Gridlock at JKIA: How a 5-Day “Trade Blackout” Cost Kenya Ksh 1 Billion
While the world watches the military maneuvers in Tehran and Tel Aviv, Kenyan exporters are watching their balance sheets bleed. On Wednesday, March 4, 2026, the Kenya Meat Livestock Exporters Industry Council (KEMLEIC) released a chilling update: the disruption of Middle East trade routes has already cost the country Ksh 1 billion in just five days.
What was supposed to be a “gold mine” season—supplying meat for the upcoming Ramadan festivities in the Gulf—has turned into a logistical nightmare of grounded planes and overflowing cold rooms.
1. The “Chiller Crisis”: 200 Tonnes of Meat Stranded
The meat industry is the hardest hit.
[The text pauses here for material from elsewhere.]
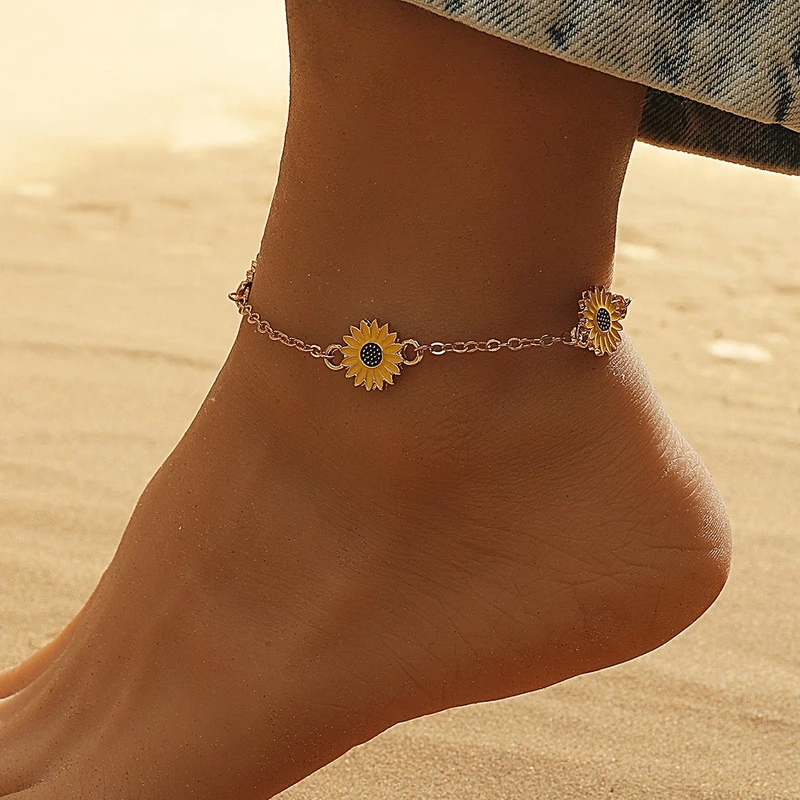 Fussarmband „Sonnenblume“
In facilities like Juja International Abattoirs, the silence is deafening.
The Volume: Roughly 130 tonnes of meat normally leave Kenya for the Gulf every day. Since the strikes began on Saturday, February 28, that flow has stopped.
The Stockpile: Over 200 tonnes of premium mutton and beef are currently “stashed” in chillers.
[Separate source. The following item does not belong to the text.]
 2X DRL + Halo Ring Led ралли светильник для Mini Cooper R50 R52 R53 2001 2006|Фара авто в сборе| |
The Quote: “Any meat we slaughtered on Friday and Saturday has not left the country… we are looking at a loss of about Ksh 1 billion for the five days we have not been able to slaughter,” says Nicholus Ngahu, CEO of KEMLEIC.
2. The Tea “Green Gold” is Turning Gray
The conflict has put a massive Ksh 5.6 billion tea supply deal with Iran on ice.
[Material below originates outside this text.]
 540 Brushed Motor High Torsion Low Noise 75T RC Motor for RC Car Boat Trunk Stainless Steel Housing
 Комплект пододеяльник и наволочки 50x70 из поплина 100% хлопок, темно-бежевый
Market Access: Iran is a top-ten buyer of Kenyan tea (purchasing 13 million kg in 2024). With the Strait of Hormuz under threat and insurance premiums skyrocketing, shipping lines like CMA CGM have suspended operations to Oman and the wider Middle East.
The Rival Threat: Trade experts warn that if Kenya can’t deliver, buyers in the Gulf may permanently shift to suppliers in India or Sri Lanka, who have different logistical advantages.
3. Logistics: The “Arm and a Leg” Flight
On Wednesday afternoon, a lone cargo plane managed to depart JKIA with 60 tonnes of meat. It was the first successful shipment since Saturday, but it came at a staggering cost.
Tripled Costs: Freight operators are charging “war premiums.” Rerouting around closed airspaces has made air freight prohibitively expensive for most small-to-medium exporters.
Shipping Suspension: Maritime giants have warned of “indefinite” pauses on certain Middle Eastern routes, leaving sea-bound cargo (like frozen products) with nowhere to go.
4. Economic “Double Jeopardy”
The loss isn’t just in exports. As Trade CS Lee Kinyanjui noted, Kenya is facing a “double jeopardy”:
Export Revenue Loss: The Ksh 1 billion hole in the agricultural sector.
Import Cost Surge: A 13% spike in oil prices (from $72 to $82 per barrel) since Friday is driving up the cost of production for the very farmers whose goods are now stranded.